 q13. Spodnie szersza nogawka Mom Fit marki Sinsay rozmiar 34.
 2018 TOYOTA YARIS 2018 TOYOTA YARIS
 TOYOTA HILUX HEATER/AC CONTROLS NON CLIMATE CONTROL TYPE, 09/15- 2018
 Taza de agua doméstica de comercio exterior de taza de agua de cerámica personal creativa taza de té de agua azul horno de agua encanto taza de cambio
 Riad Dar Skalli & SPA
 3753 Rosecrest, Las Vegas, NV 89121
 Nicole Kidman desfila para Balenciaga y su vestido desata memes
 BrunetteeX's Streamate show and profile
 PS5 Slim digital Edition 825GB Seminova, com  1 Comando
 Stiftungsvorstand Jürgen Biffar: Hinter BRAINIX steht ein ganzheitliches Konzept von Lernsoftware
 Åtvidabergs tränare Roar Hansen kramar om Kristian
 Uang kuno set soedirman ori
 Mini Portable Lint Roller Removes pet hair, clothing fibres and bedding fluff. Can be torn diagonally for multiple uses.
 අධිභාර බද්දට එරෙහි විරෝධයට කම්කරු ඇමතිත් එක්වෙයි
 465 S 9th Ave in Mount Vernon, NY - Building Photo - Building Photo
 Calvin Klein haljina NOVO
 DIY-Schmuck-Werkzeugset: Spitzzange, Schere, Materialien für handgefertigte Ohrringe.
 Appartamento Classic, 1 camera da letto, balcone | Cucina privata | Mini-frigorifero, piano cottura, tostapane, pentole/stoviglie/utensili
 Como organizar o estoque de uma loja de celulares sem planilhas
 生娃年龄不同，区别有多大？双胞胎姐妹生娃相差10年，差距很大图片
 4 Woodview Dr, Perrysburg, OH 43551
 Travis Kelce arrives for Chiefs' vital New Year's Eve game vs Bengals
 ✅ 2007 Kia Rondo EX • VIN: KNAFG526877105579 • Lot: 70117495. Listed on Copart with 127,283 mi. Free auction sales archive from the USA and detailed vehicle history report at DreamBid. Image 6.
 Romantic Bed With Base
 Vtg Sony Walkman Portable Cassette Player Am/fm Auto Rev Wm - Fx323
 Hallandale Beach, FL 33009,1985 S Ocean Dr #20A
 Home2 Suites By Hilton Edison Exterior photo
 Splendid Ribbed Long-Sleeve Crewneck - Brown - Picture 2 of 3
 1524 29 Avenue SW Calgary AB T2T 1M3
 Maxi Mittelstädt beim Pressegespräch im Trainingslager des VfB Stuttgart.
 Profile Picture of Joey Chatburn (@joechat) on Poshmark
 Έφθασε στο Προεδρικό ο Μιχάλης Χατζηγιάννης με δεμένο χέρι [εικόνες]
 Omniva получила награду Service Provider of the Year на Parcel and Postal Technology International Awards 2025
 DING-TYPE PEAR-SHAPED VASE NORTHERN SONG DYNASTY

===

Brief:
Taking the entries above, restate exactly those lines that fall between the line with "2018 TOYOTA YARIS 2018 TOYOTA YARIS" and the line with "Taza de agua doméstica", keeping both of those lines too.

Output for this exercise:
 2018 TOYOTA YARIS 2018 TOYOTA YARIS
 TOYOTA HILUX HEATER/AC CONTROLS NON CLIMATE CONTROL TYPE, 09/15- 2018
 Taza de agua doméstica de comercio exterior de taza de agua de cerámica personal creativa taza de té de agua azul horno de agua encanto taza de cambio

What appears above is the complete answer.